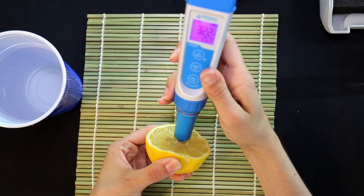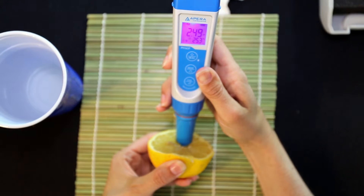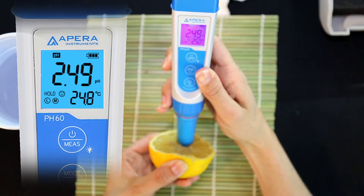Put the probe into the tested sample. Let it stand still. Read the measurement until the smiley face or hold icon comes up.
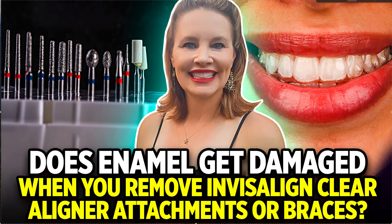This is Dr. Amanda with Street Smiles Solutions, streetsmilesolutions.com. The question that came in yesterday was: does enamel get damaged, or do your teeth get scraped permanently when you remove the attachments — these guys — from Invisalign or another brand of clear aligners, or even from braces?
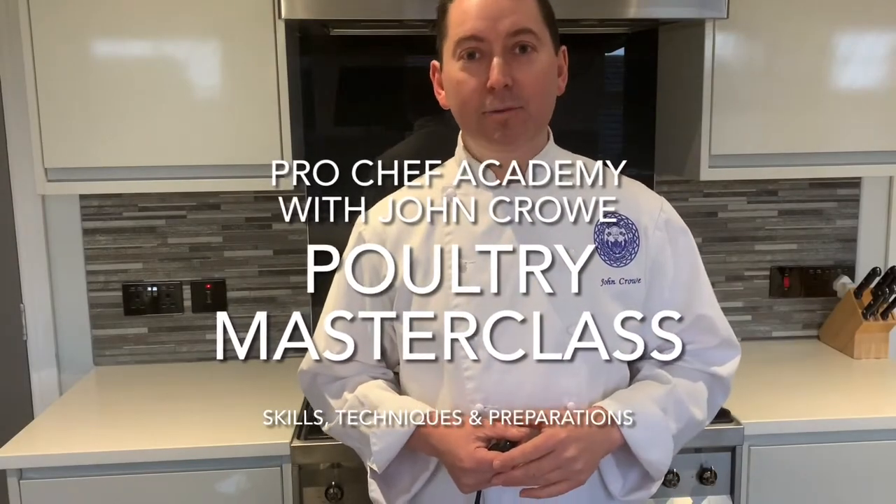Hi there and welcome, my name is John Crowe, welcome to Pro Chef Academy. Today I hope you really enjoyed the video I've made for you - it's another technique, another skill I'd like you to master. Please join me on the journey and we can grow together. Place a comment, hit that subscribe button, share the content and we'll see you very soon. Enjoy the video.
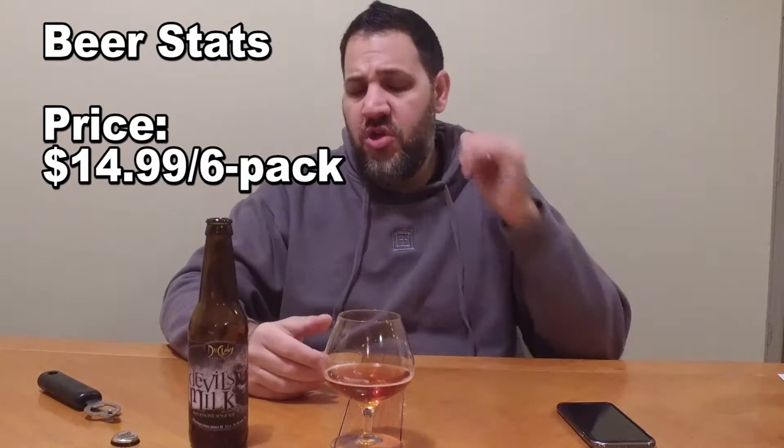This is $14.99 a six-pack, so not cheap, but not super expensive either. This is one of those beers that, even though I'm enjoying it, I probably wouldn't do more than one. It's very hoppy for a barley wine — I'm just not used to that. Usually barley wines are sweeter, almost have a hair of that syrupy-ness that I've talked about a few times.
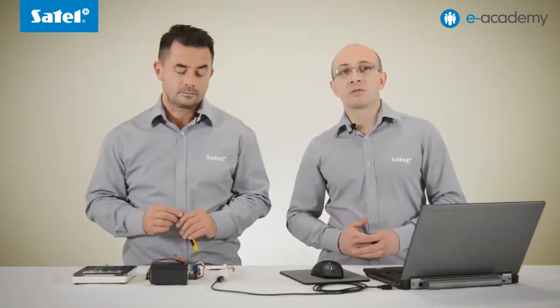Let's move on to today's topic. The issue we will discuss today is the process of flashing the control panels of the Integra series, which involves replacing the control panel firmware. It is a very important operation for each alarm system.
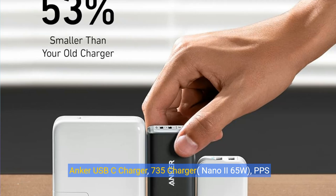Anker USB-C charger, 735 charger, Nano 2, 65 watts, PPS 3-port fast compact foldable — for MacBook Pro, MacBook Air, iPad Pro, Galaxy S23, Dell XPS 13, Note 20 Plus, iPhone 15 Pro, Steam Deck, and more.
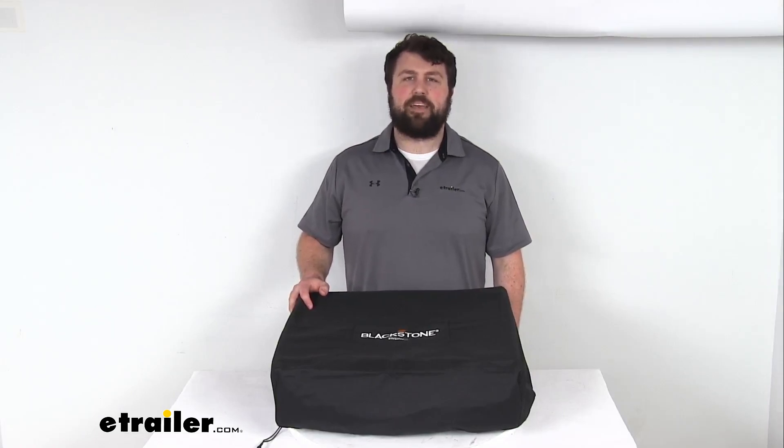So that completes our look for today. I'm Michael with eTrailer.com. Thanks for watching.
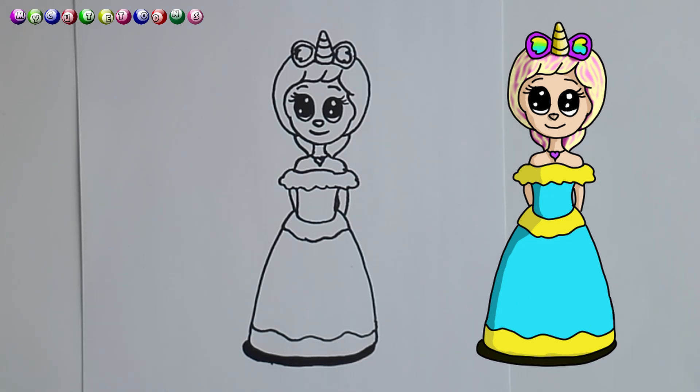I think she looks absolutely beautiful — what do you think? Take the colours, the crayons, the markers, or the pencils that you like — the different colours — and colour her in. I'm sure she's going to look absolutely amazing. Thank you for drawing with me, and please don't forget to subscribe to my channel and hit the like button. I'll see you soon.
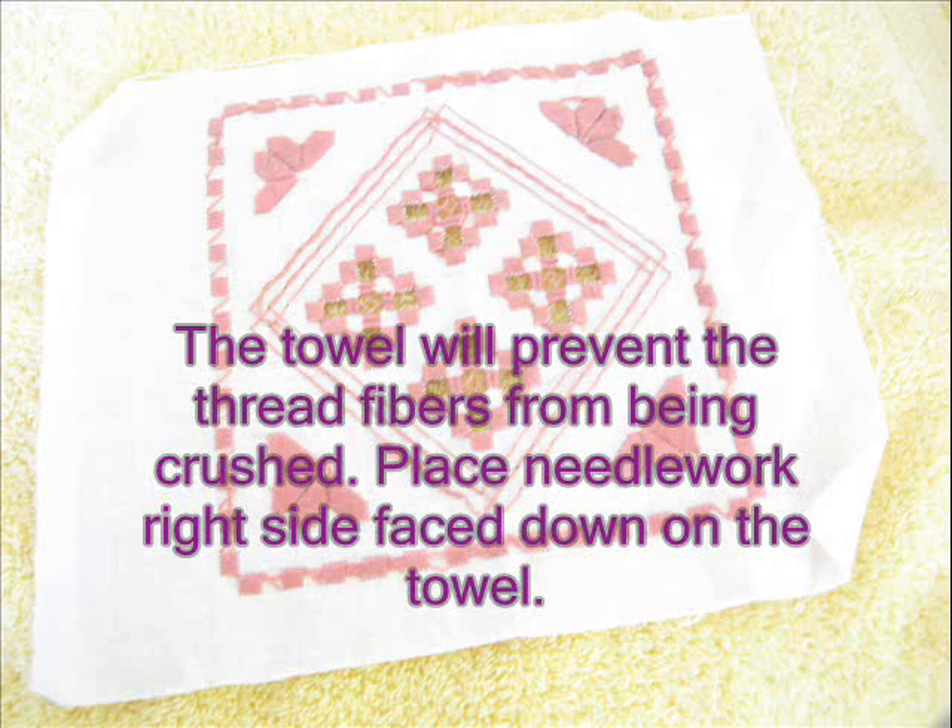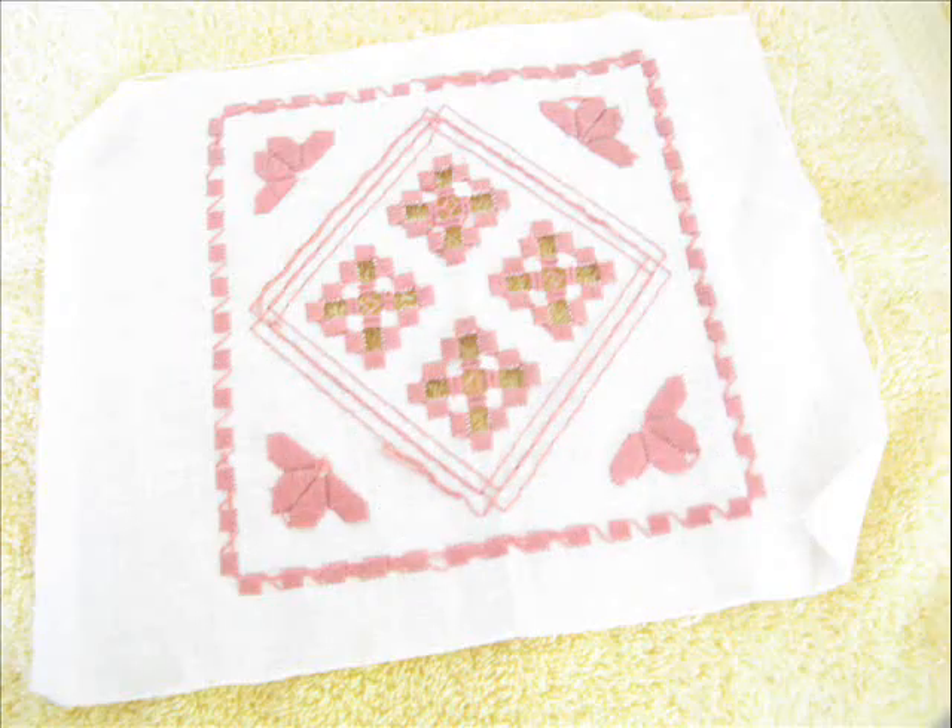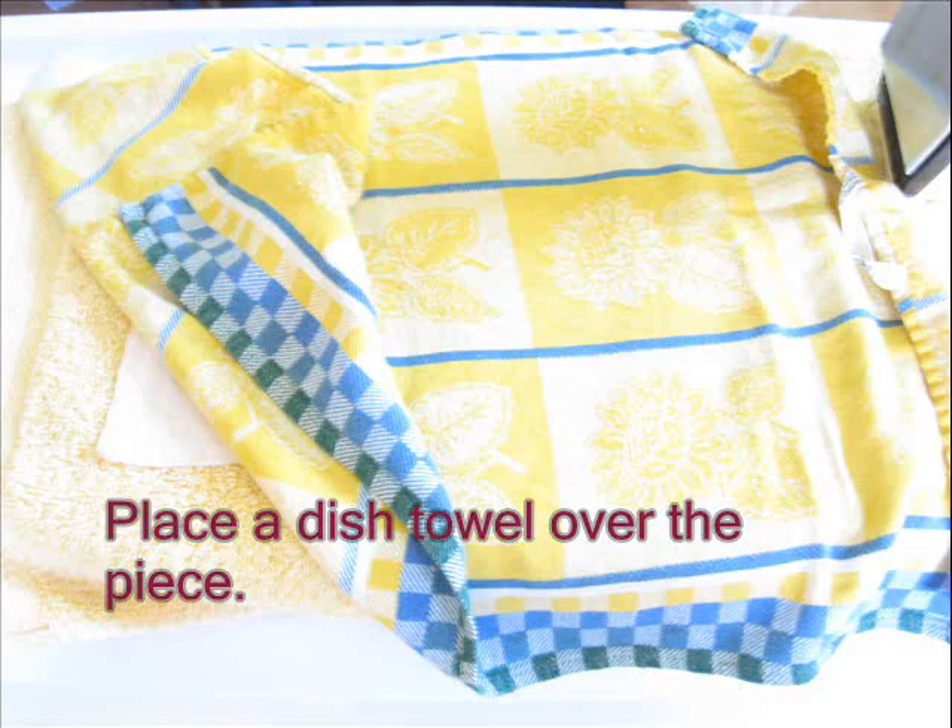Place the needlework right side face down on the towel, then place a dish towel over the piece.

-*-

Exercise aim
Leaving all pictures out, output exactly the lines of the material above from the line with "Anker USB-C charger, 735" to the line with "I think she", both included.

Task answer
Anker USB-C charger, 735 charger, Nano 2, 65 watts, PPS 3-port fast compact foldable — for MacBook Pro, MacBook Air, iPad Pro, Galaxy S23, Dell XPS 13, Note 20 Plus, iPhone 15 Pro, Steam Deck, and more.
So that completes our look for today. I'm Michael with eTrailer.com. Thanks for watching.
I think she looks absolutely beautiful — what do you think? Take the colours, the crayons, the markers, or the pencils that you like — the different colours — and colour her in. I'm sure she's going to look absolutely amazing. Thank you for drawing with me, and please don't forget to subscribe to my channel and hit the like button. I'll see you soon.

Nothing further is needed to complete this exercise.